Second Borough President of The Bronx
- In office August 29, 1909 – December 31, 1909
- Preceded by: Louis F. Haffen
- Succeeded by: Cyrus C. Miller

Personal details
- Born: 1862
- Died: December 31, 1928
- Party: Democratic

= John F. Murray (politician) =

American politician (1862–1928)

John F. Murray (1862 – December 31, 1928) was the Commissioner of Public Works in The Bronx, New York, and the second Bronx borough president.

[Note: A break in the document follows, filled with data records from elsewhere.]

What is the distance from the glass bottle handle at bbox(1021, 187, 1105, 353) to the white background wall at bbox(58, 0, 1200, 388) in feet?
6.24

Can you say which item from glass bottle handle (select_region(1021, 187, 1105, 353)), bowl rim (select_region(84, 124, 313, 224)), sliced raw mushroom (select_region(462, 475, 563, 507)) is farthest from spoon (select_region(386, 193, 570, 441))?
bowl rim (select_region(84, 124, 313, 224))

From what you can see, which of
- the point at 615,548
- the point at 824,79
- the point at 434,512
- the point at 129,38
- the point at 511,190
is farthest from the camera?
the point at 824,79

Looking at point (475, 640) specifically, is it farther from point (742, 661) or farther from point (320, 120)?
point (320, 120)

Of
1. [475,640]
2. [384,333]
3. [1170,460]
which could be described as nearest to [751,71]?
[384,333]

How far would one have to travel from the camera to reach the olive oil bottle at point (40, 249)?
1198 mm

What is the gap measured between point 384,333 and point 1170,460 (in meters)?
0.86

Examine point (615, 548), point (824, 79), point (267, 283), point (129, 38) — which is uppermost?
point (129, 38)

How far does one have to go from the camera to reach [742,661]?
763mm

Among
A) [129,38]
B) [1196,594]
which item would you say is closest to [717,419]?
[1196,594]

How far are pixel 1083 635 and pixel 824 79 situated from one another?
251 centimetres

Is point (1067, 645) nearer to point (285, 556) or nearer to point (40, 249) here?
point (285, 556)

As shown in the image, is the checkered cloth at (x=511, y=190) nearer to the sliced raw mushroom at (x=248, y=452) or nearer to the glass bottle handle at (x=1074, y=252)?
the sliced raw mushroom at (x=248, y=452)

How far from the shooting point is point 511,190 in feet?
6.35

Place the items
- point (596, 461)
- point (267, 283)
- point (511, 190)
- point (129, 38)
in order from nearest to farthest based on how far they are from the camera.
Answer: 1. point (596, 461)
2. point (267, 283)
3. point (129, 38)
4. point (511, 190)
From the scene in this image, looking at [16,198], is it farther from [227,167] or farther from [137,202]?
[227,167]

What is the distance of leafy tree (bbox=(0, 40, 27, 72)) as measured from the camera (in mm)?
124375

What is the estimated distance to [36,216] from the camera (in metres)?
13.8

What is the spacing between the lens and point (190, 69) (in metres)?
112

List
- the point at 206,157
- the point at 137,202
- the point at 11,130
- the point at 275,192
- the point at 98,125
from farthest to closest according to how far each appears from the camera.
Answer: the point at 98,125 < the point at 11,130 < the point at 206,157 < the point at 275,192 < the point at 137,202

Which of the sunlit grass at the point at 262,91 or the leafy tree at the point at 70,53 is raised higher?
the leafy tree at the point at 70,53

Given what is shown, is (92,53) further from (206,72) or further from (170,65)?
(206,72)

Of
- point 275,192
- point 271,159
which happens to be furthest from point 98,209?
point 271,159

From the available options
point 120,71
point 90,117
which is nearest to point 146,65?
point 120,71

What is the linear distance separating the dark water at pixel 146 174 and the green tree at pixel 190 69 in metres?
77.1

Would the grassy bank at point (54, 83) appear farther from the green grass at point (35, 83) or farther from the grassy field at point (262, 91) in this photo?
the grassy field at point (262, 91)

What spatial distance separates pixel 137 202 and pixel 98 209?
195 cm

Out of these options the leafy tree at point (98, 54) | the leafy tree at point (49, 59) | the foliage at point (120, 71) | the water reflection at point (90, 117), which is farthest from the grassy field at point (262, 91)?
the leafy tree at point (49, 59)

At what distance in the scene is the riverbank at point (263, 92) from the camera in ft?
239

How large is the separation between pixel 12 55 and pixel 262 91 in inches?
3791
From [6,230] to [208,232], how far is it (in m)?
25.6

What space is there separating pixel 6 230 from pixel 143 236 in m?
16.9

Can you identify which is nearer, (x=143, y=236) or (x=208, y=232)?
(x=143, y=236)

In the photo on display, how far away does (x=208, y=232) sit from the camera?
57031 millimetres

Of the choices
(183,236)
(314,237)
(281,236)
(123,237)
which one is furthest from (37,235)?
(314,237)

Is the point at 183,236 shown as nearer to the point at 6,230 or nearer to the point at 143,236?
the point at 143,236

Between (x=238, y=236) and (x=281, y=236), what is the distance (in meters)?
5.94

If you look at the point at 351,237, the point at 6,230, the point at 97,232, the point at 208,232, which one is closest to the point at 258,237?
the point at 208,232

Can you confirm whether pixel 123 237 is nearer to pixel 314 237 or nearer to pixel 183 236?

He became acting borough president in August 1909 upon the removal of Louis F. Haffen by New York Governor Charles Evans Hughes. He was then elected interim borough president for the remainder of Haffen's term by a unanimous vote of the eight men representing The Bronx on the New York City Board of Aldermen. At the time Murray was the Commissioner of Public Works. Murray did not run for election in November 1909 for a full term as borough president, and was succeeded by Cyrus C. Miller.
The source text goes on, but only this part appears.